= Required action =
If an entry contains a picture, leave the picture out and reproduce everything else in the records below exactly.
(Exercise input Opens)
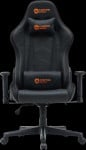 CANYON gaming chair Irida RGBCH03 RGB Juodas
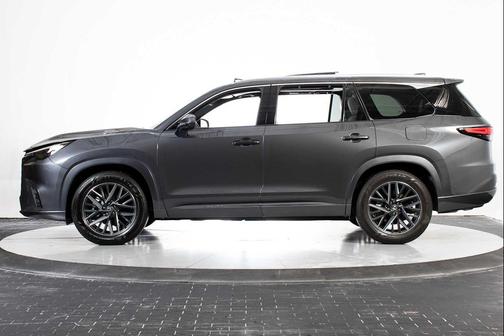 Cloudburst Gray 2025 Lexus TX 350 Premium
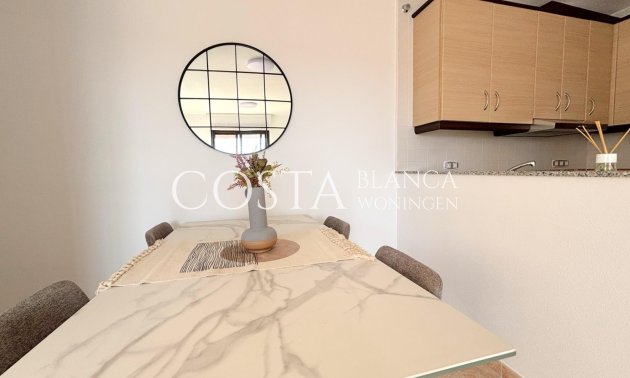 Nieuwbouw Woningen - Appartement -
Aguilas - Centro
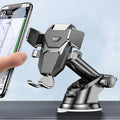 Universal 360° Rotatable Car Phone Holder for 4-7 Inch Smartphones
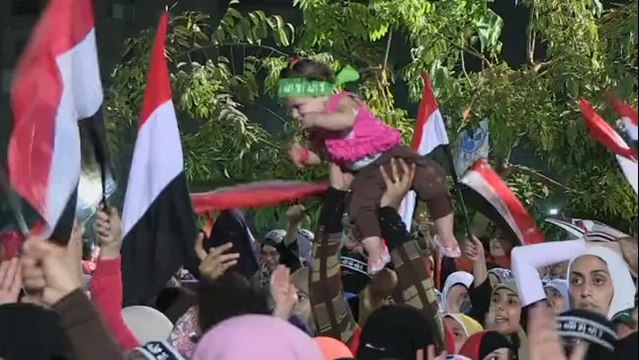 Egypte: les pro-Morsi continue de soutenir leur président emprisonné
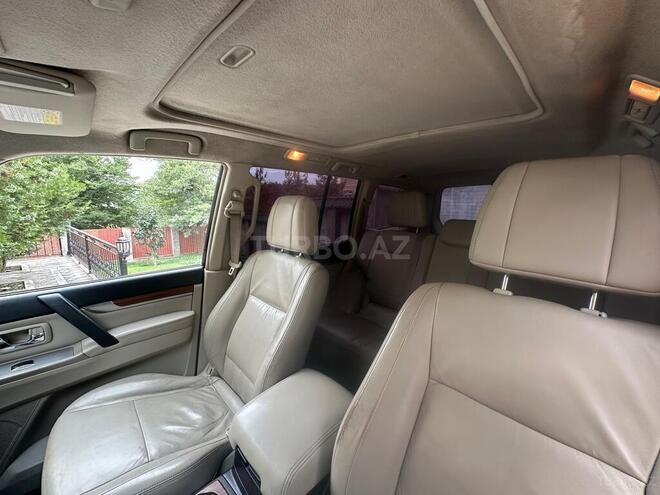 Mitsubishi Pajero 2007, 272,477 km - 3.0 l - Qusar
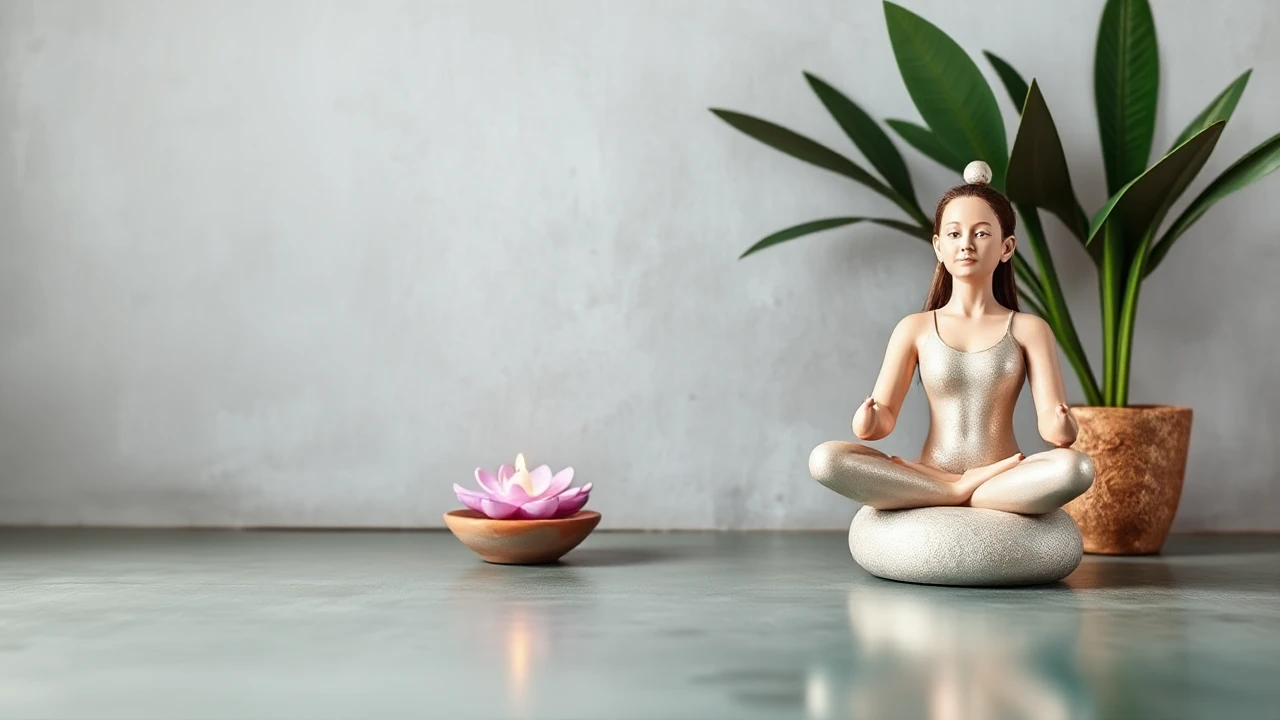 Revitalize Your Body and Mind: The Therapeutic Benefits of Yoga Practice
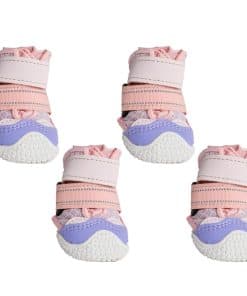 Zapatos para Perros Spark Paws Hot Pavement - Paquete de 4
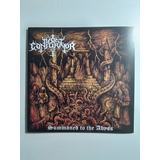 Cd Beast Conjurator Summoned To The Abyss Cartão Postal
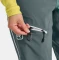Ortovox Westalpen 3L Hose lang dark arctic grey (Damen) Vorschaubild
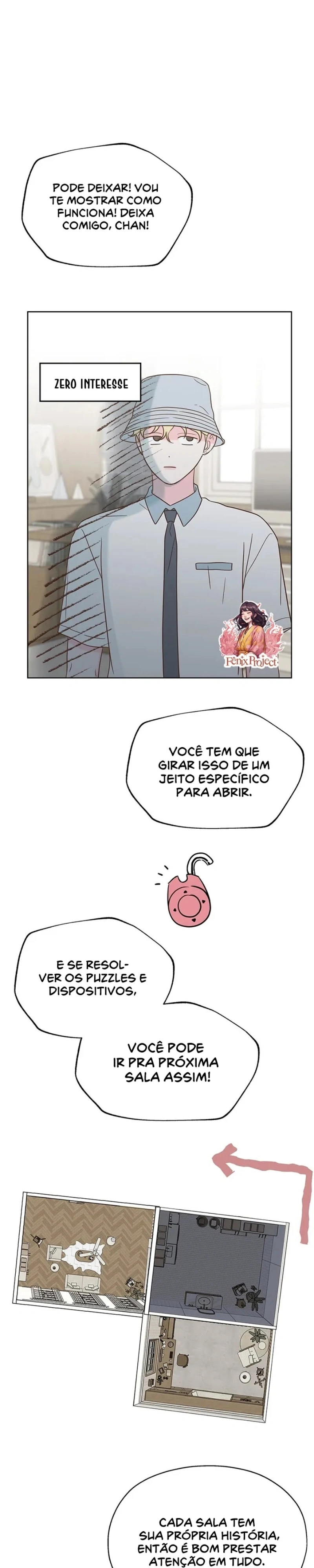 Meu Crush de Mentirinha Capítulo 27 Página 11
(Exercise input Closes)
= Written answer =
 CANYON gaming chair Irida RGBCH03 RGB Juodas
 Cloudburst Gray 2025 Lexus TX 350 Premium
 Nieuwbouw Woningen - Appartement -
Aguilas - Centro
 Universal 360° Rotatable Car Phone Holder for 4-7 Inch Smartphones
 Egypte: les pro-Morsi continue de soutenir leur président emprisonné
 Mitsubishi Pajero 2007, 272,477 km - 3.0 l - Qusar
 Revitalize Your Body and Mind: The Therapeutic Benefits of Yoga Practice
 Zapatos para Perros Spark Paws Hot Pavement - Paquete de 4
 Cd Beast Conjurator Summoned To The Abyss Cartão Postal
Ortovox Westalpen 3L Hose lang dark arctic grey (Damen) Vorschaubild
 Meu Crush de Mentirinha Capítulo 27 Página 11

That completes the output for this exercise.